画面上の被爆者とAIで疑似対話 広島市が装置開発へ 2025年度導入、原爆資料館などに常設

広島市役所

 広島市が人工知能(AI)を活用して画面上の被爆者と疑似対話ができる装置を開発することが4日、分かった。中区の原爆資料館と国立広島原爆死没者追悼平和祈念館に常設するほか、学校への出張展示を想定。2025年度の導入を目指している。被爆者の高齢化が進む中、「あの日」の記憶を伝えるツールの一つとして位置付ける。

 複数の関係者によると、装置は利用者の質問をAIが瞬時に分析し、事前に撮影した多様な被爆者のインタビュー映像の中から適切な回答を選んで再生する仕組み。日本語と英語の計5台を作る。
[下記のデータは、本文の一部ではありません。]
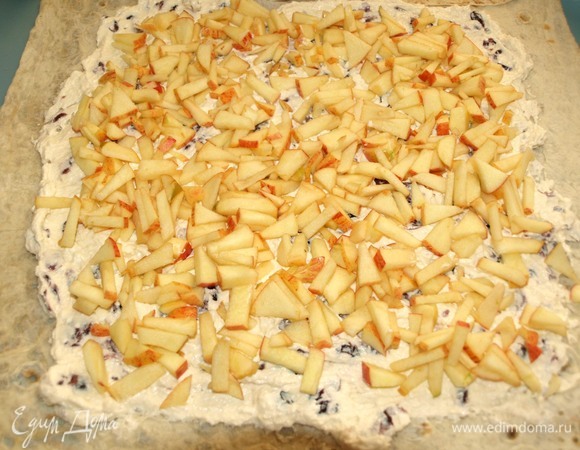 Сверху выкладываем яблоки.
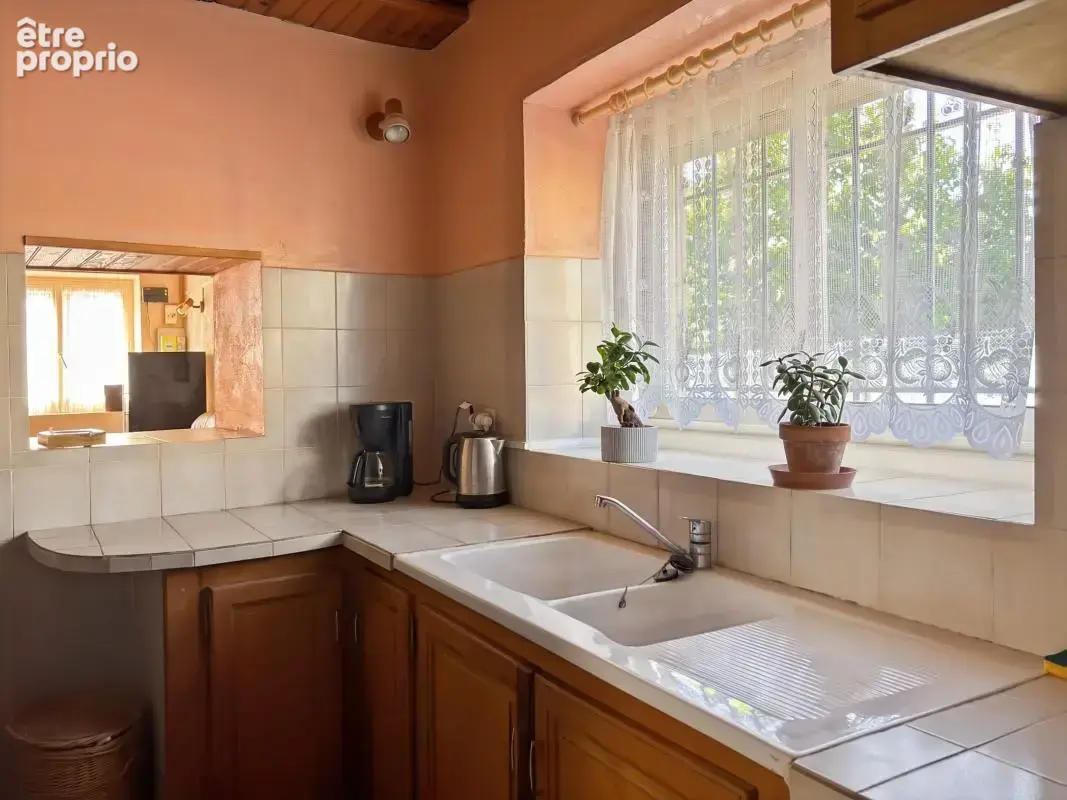 Agréable maison individuelle à proximité des commodités avec jardin clos et garage - photo 5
 被爆者は、広島平和文化センター(中区)が任命する被爆体験証言者5人に協力を求める。本年度に事業者の選定やインタビューを進め、来年度に装置の完成と利用開始を予定する。予算枠をあらかじめ確保するため、18日に開会予定の市議会定例会へ提出する本年度一般会計補正予算案に6800万円の債務負担行為を盛り込むという。

 被爆者の平均年齢が85歳を超え、体験を自ら伝える時間が限られる中、市は本年度一般会計当初予算で被爆体験記など既存の資料をAIが検索するシステムの構築に向けた検討費も計上。29年度以降の運用開始を予定している。